I’ve been on a black bean kick, so every meal for the next few days will have some of this black bean magic.
They can really bring any dish to life – which is what I did here. I decided to make black bean breakfast tacos with some stuff I had laying around.
The black bean tacos include the following ingredients: soyrizo, potatoes, black beans, corn, bell pepper, onion.

Completely plant-based and definitely the perfect recipe for someone who’s pretty broke (and just really frugal), but still want flavor in their lives. I’m broke, but I’m not boring.
Pro tip: I always have frozen vegetables on stand by in the freezer. I have everything from peas, corn, to cauliflower rice. It’s good to have these things handy – just in case you want to add a little bit more umpf to a recipe.
This black bean taco recipe is a little odd because I just used what I had around and some leftover vegetables in the fridge. And if you’re on this site, you probably already know I make great meals, but we gotta be real here: I am not going to buy more food just to make something beautiful. I use what I have. And then I make them delicious.
With that said, let’s get to how we make these bombastic black bean breakfast tacos.
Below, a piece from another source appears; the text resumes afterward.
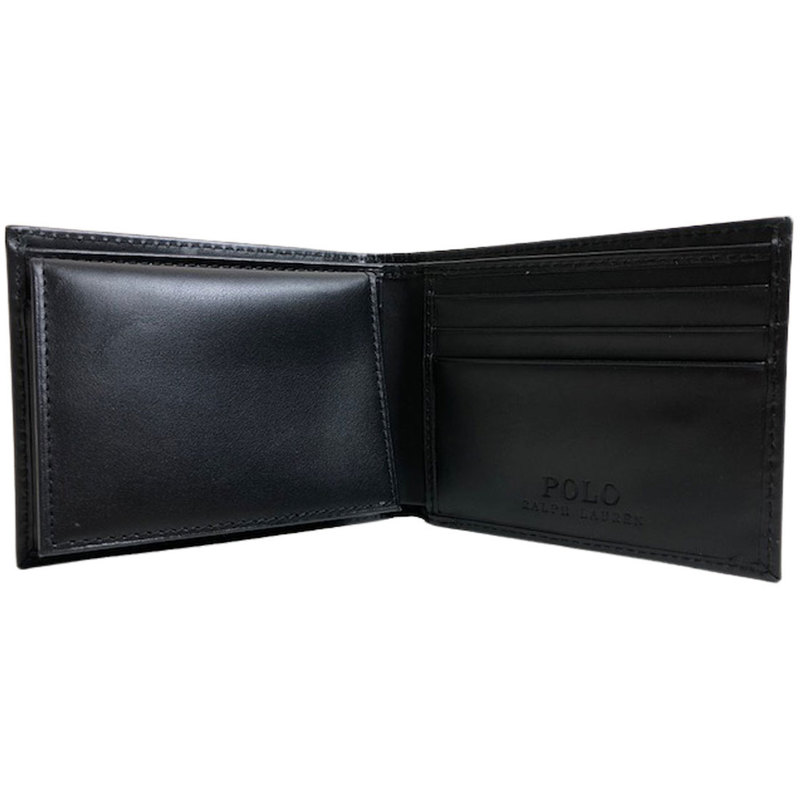 POLO RALPH LAUREN(ポロ ラルフローレン)二つ折り 財布 カードケース 免許証 メンズ 405761979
Breakfast Black Bean Tacos Recipe
Ingredients:
- 1 potato
- Sad amount of onion (about ¼ cup)
- Sad amount of green bell peppers (about ¼ cup)
- ¼ cup soyrizo
- 1 cup cooked black beans
- Garlic powder
- A pinch of salt
- 4 soft tacos
Directions:
- Wash the potato and chop into small, bite-sized pieces.
- Chop the bell pepper and onion into small pieces. Set aside.
- Set a non-stick pan over medium heat.
- Throw the chopped potatoes into the pan and add 1 tbsp of water. Add a pinch salt. Cover pan a lid.
- Let potatoes cook for 5 minutes.
- Frequently add a small amount of water to the potatoes to prevent from sticking. About 1 tbsp at a time.
- After 5 minutes, stir the potatoes. Cook for another 8-10 minutes, or until fork-tender. Add more water when necessary.
- When potatoes are tender, lower temperature to medium-low.
- Add the chopped green bell pepper and onion. Cover. Cook for another 5 minutes.
- Add the soyrizo and cook for about 5 minutes.
- Finally, add the frozen corn and cook for about 3-4 minutes.
Top your soft tacos with the potato and soyrizo mix with some cooked beans. Add your favorite sauce on top, or enjoy them as they are.

The soyrizo mix makes about 4 heaping servings.
Enjoy your black bean breakfast tacos!